Okay, you managed to get me to dig up my vaex utility code from last year! I believe this should do the trick. It works on the latest version of vaex and was originally written for v4.0 preleases - so there's definitely an opportunity to make things more efficient!

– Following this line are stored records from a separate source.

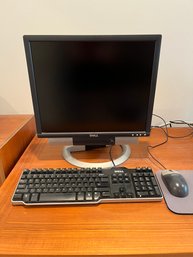 Dell 18' Monitor & Key Board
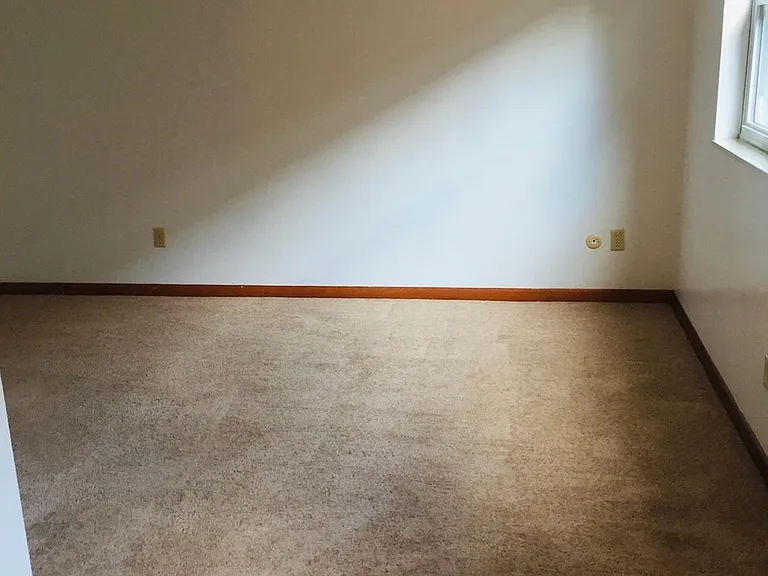 422 S Henderson St — Photo 5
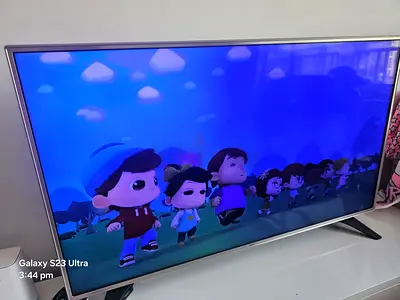 LG Smart LED TV for sale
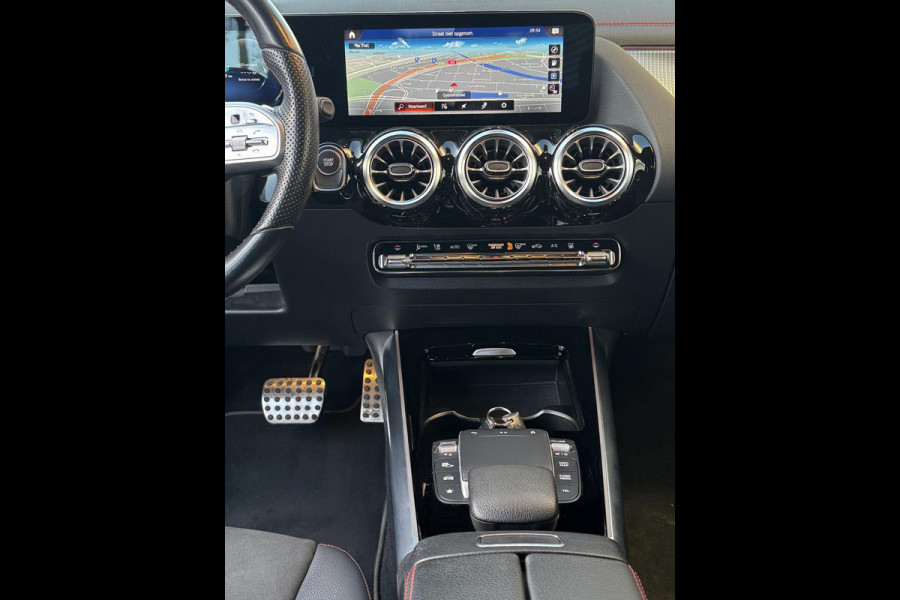 Mercedes-Benz EQA 250 AMG Edition 1 67 kWh - AUTOMAAT I Navigatie I Leer I Sport pakket I PDC I LED I Achteruitrij Camera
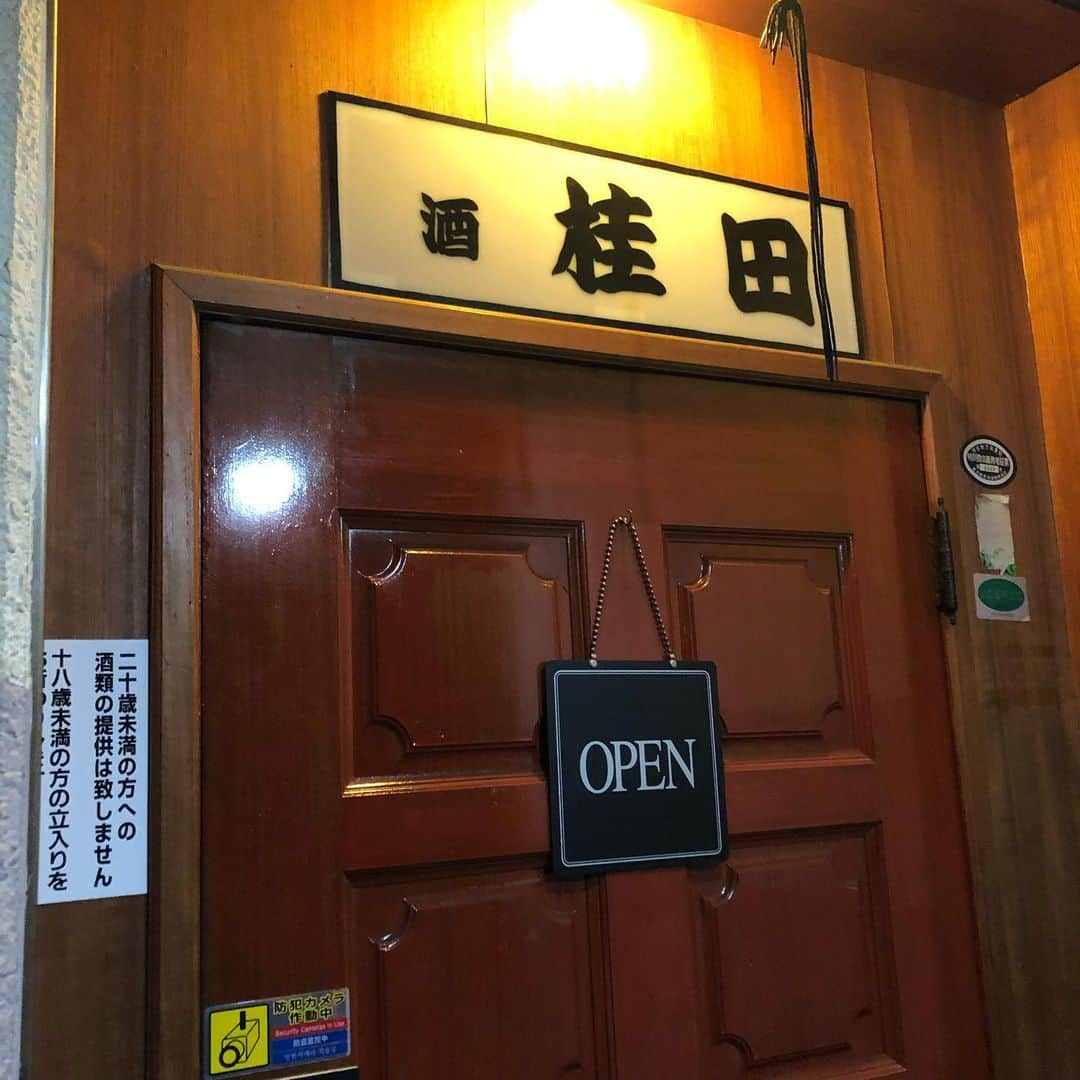 七菜乃のインスタグラム：「１２月３０日　20時から夜中まで！ 桂田さんにて @sakekatsurada  なななのナイトになりましたー！  何年ぶり、、、😭  ずっとオンラインで耐えてた🥺  お待ちしてます😊 ふらっときていただいて大丈夫です！ 誰でも来れるよ😸  忘年会しよ🍶  そして、 オンラインでも同時進行します❗️ こちらはチケットないと 参加できません。 あくまでリアルなななのナイトがメインですが 遠くだから来れないという方や 雰囲気を味わってみたいという方ぜひ☺️  ※チャージ1/h      ¥1000 ※ソフトドリンク¥700 ※アルコール       ¥1000 手づくりメニュー有り？ チェキもやります😂」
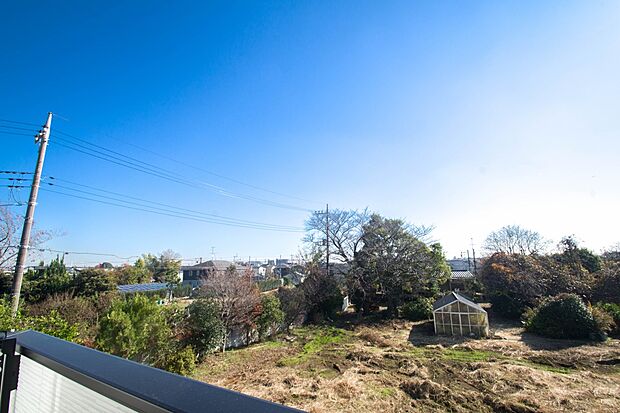 朝の澄んだ空気や、夕方に吹く清々しい風を五感で感じられるバルコニー。住まいの中で屋外にあって、本当の自然を感じられるスペースです。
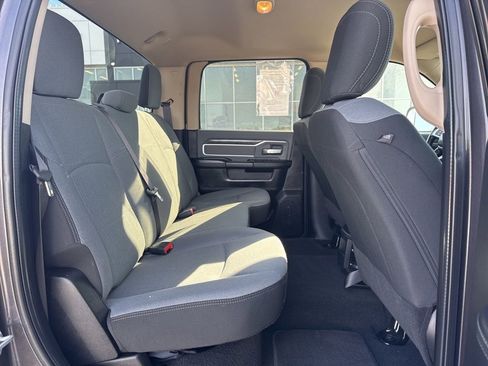 Used 2020 RAM 2500 Big Horn image 30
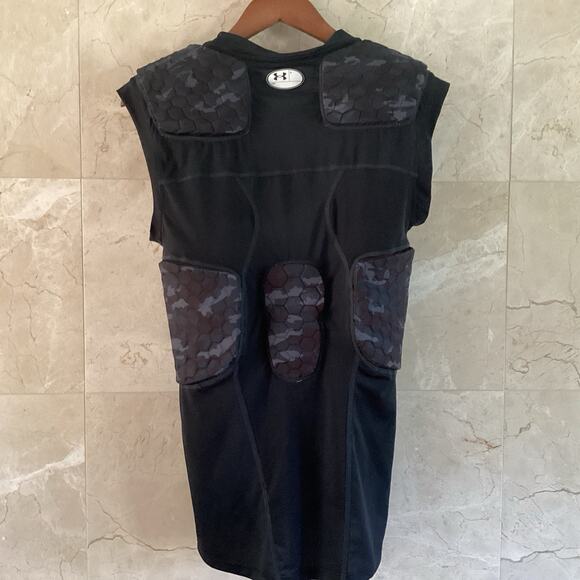 Under Armour Game Day Armour Camo 5-Pad Top – Size Large, Compression Protection - Picture 6 of 10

I wasn't sure if you wanted to count ex: numpy appearing twice in for job ID as 2 (used twice) or 1 (used at all), so for now I did not deduplicate your data prior to pivoting such that 2 is returned. Deduping would return 1 here.

#!/usr/bin/env python
# coding: utf-8

# In[1]:

import numpy as np
import vaex as vx

# In[2]:

job_ids = np.array([41236074, 41236072, 41236072, 41236072, 41236032, 41202258, 41202258, 41236371, 41236053, 41236061, 41236061, 41236061, 41236061, 41236061, 41236060, 41236041, 41236046, 41201717, 41235995, 41202248], dtype='int32')
services = np.array(['numpy', 'numpy', 'multiprocessing', 'h5py', 'numpy', 'numpy', 'keras', 'multiprocessing', 'numpy', 'numpy', 'numpy', 'multiprocessing', 'multiprocessing', 'fireworks', 'numpy', 'numpy', 'numpy', 'numpy', 'numpy', 'multiprocessing'], dtype=str)

dt = vx.from_arrays(job_id=job_ids, service=services)
dt

# In[3]:

def concat_cols(dt, cols, name='concat_col', divider='|'):
    # Create the join column
    for i, col in enumerate(cols):
        if i == 0:
            dt[name] = dt[col].astype('string').fillna('')
        else:
            dt[name] = dt[name] + divider + dt[col].astype('string').fillna('')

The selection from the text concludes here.